For security reasons, it's recommended to uncomment alb.ingress.kubernetes.io/inbound-cidrs: YOUR_IP_ADDRESS/32 and replace YOUR_IP_ADDRESS with your IP to limit traffic to only allow for your IP.

  1. Generate and apply the Ingress manifest:
envsubst < ray-dashboard.yaml | kubectl apply -f -
kubectl get ingress

It takes about 6 minutes for the load balancer to be created and become active. Then you can paste the address you find on the ingress into your local browser to access the Ray dashboard.

NAME CLASS HOSTS ADDRESS PORTS AGE
ray-cluster-ingress alb * k8s-default-rayclust-14ceb20792-1681229536.us-west-2.elb.amazonaws.com 80 5m52s

Ray Dashboard

Please visit the Serve Tab to see your application:

Ray Serve Dashboard

To clean up the load balancer, remove the Ingress object:

kubectl delete ingress ray-cluster-ingress

3. Inference

3.1 Set Up Port Forwarding

To check for the Kubernetes service:

kubectl get services

When you see the service stable-diffusion-gpu-serve-svc, we can now forward the port for Stable Diffusion query:

kubectl port-forward svc/stable-diffusion-gpu-serve-svc 8000 > /dev/null 2>&1 &

3.2 Send Inference Request

Now let's send a query request.

info

If you'd like to change the prompt request, please enter vi stable_diffusion_gpu/stable_diffusion_gpu_req.py and change the variable prompt to your request.

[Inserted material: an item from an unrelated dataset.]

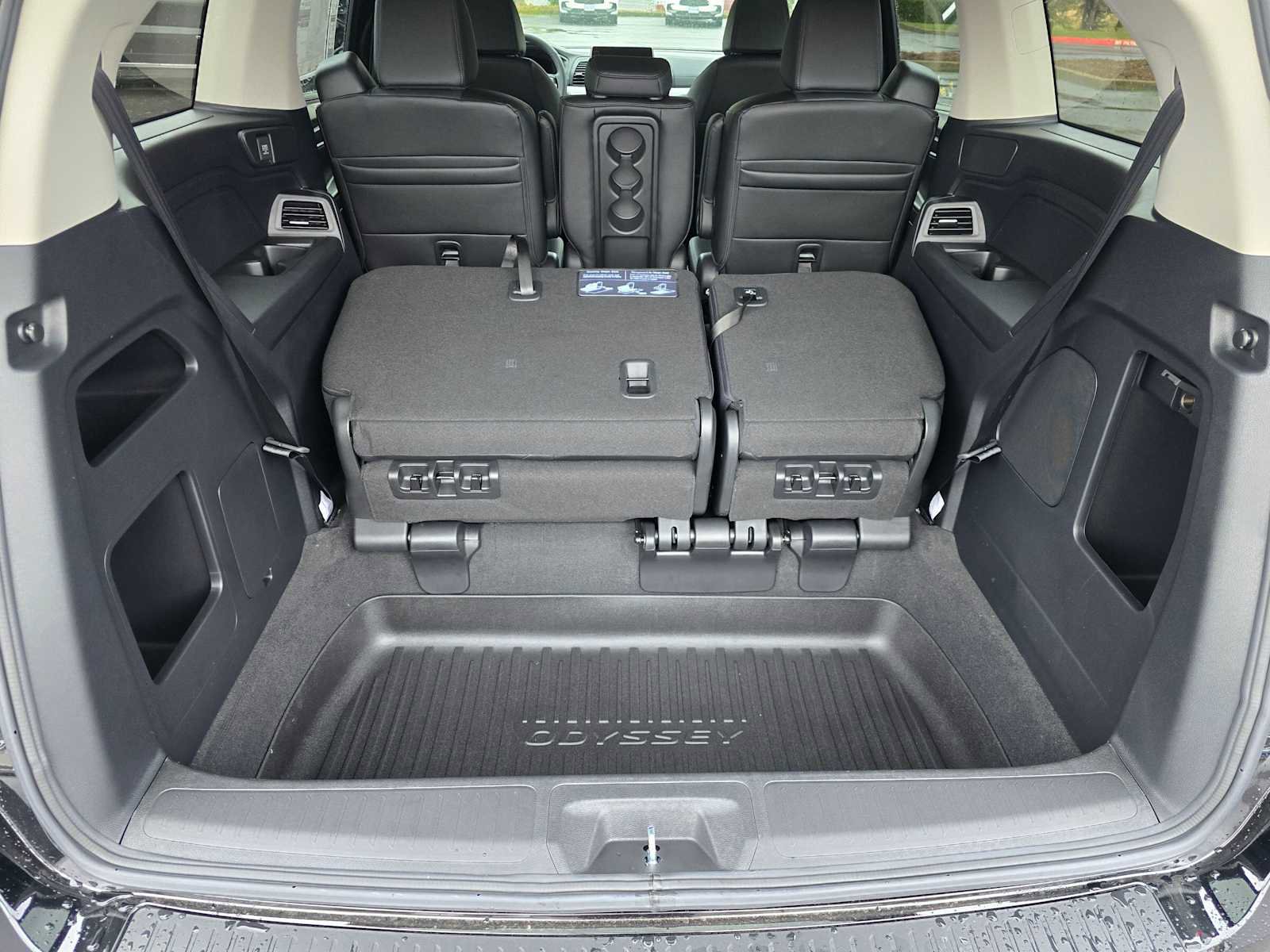New 2026 Honda Odyssey EX-L image 15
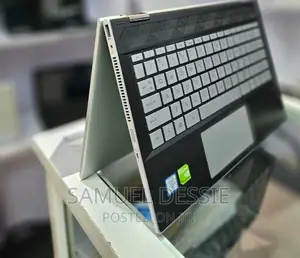 New Laptop HP Pavilion X360 8GB Intel Core I5 SSD 512GB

To send query request, please run:

python3 stable_diffusion_gpu_req.py

On GPU, a new image is created within 10 seconds (compared to about 5 minutes on CPU).

3.3 View Generated Images

Now we have a few options to view the image:

Option 1: VIU Tool (Terminal Viewer)

A fun way to view the image output, we can use the VIU tool.

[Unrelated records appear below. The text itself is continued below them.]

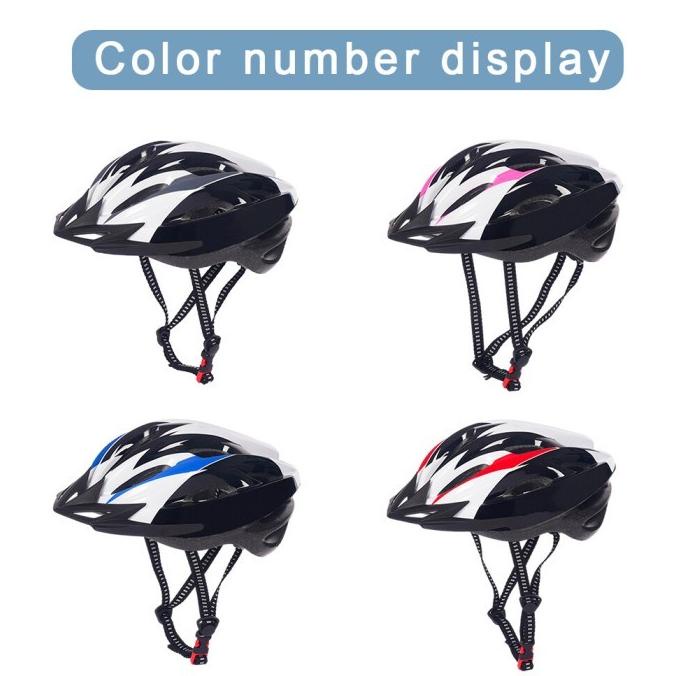 Helm Sepeda Imitasi, Helm Bersepeda Olahraga Luar Ruangan, Peralatan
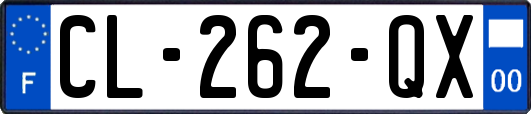 CL-262-QX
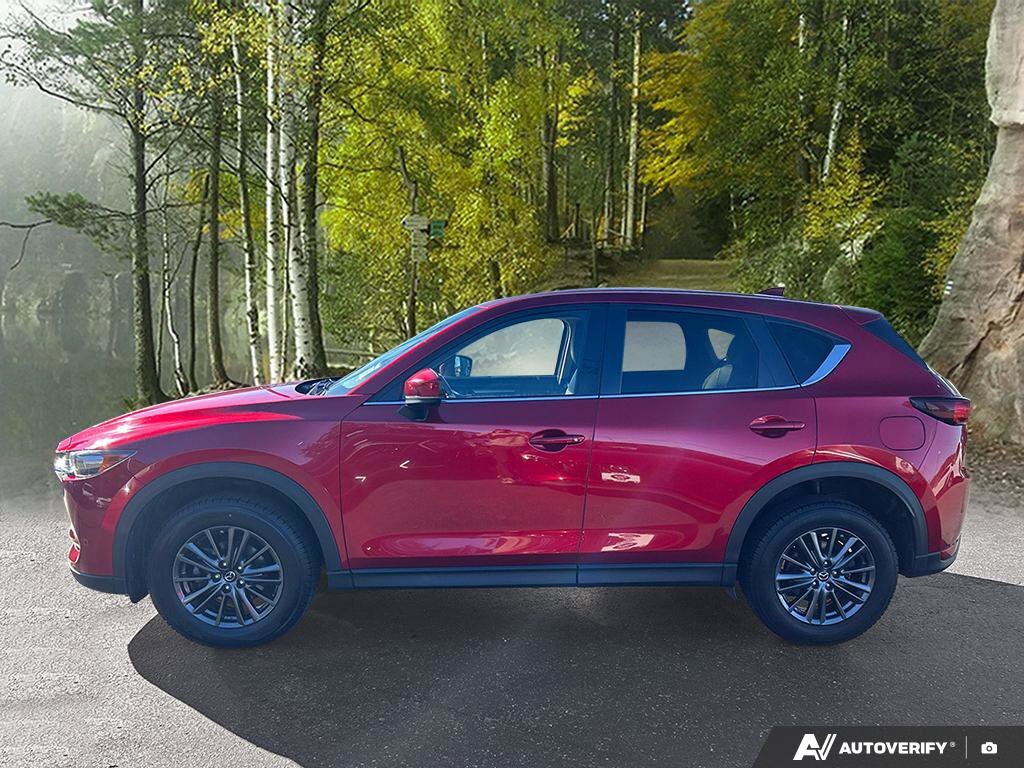 Mazda CX-5 2020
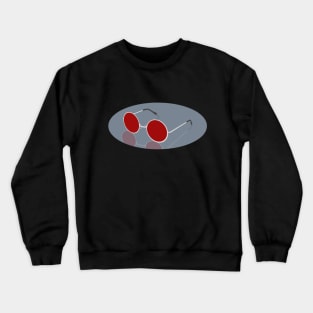 Daredevil Glasses Crewneck Sweatshirt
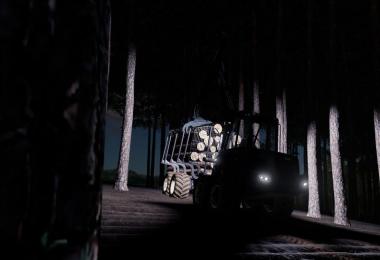 Real Forestry MACHINERY Pack v0.2.0.0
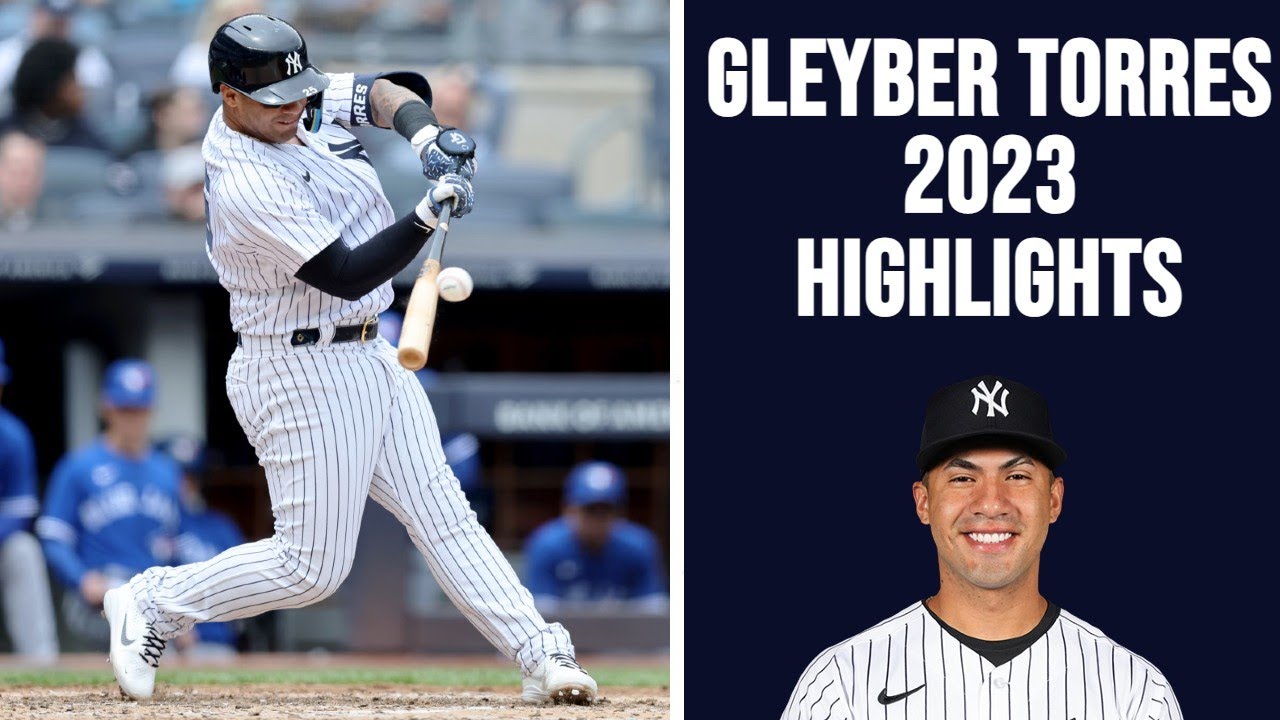 GLEYBER TORRES 2023 HIGHLIGHTS!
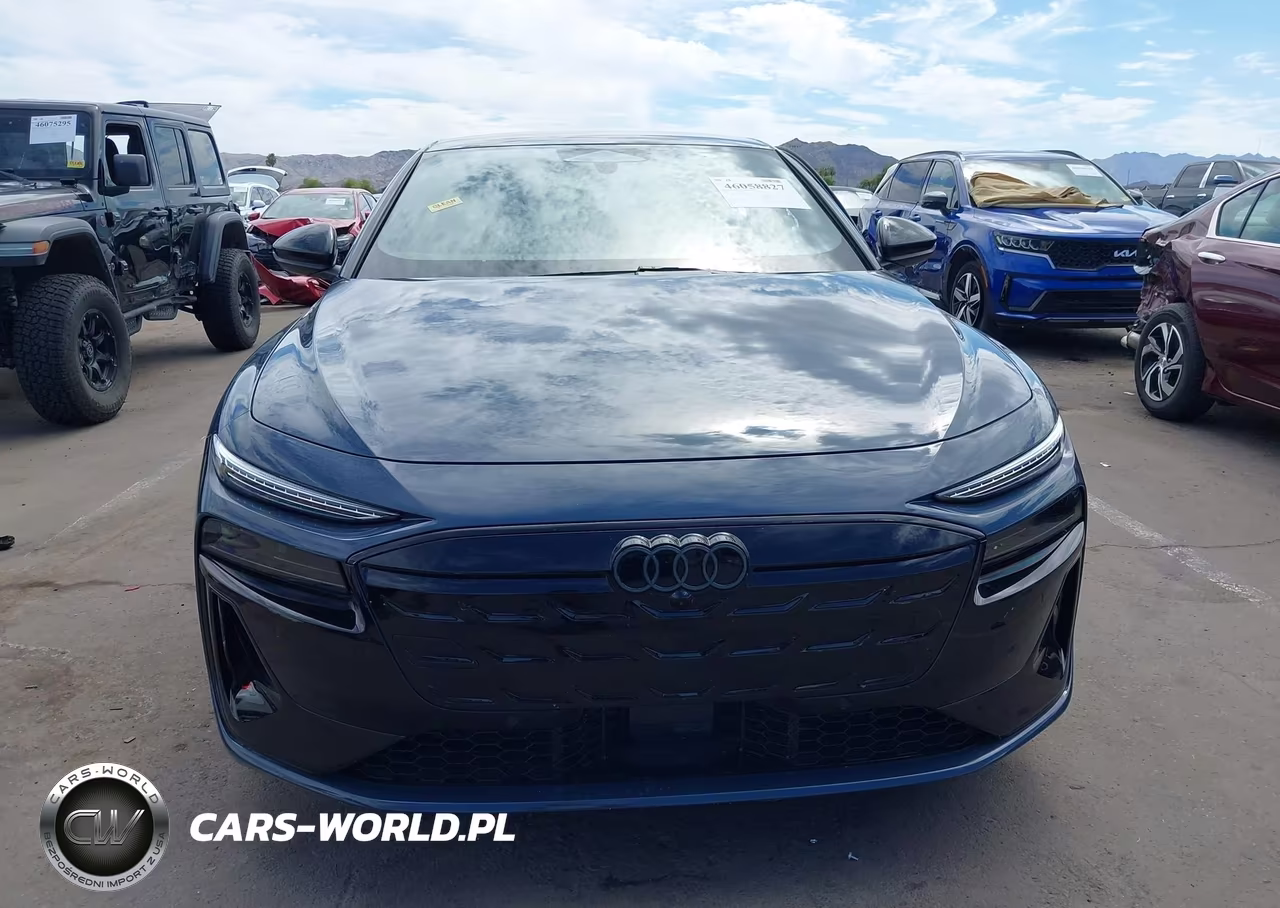 2027 Audi A6 VIN:WAU5DAGH4VA000285 - 12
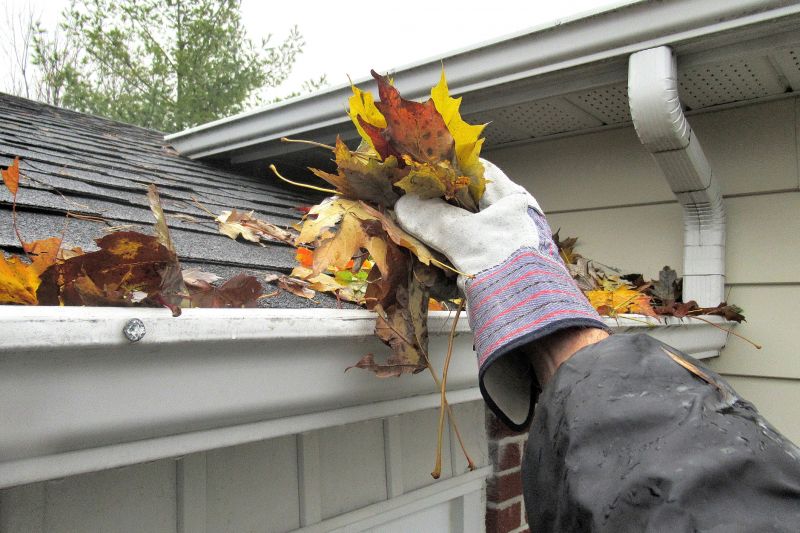 Seasonal Gutter Upgrades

To download the tool, please run:

# Download Rust
curl --proto '=https' --tlsv1.2 -sSf https://sh.rustup.rs | sh

# Download VIU
cargo install viu

To quickly view a low-resolution version of the image, please run:

viu output.png

VIU Image Viewer

Option 2: SageMaker Code Editor

If you are using SageMaker Code Editor, we can view the image directly in code editor.

Please use the Code editor explorer to navigate to output.png and open the image.

Open File in Code Editor

The following prompt was used to generate this image: "cat wearing a fancy hat on a purple mat".

If you'd like to download the image to your desktop, you can right-click the file output.png in the Code Editor File Explorer and select "Download...".

4. Cleanup

To clean up the Ray Service deployment:

kubectl delete -f rayservice.stable_diffusion_gpu.yaml

To verify cleanup:

kubectl get pods
kubectl get services

What's Next?

That was our inference example using Ray Service! You can:

  • Try other prompts: Experiment with different text prompts for image generation
  • Explore other models: Check out other inference examples available within the rayservice directory
  • Scale the service: Modify the num_replicas in the YAML to handle more concurrent requests
  • Monitor performance: Use the Ray dashboard to monitor GPU utilization and request latency
  • Add authentication: Implement proper authentication for production deployments

For more advanced Ray Serve configurations, refer to the Ray Serve documentation.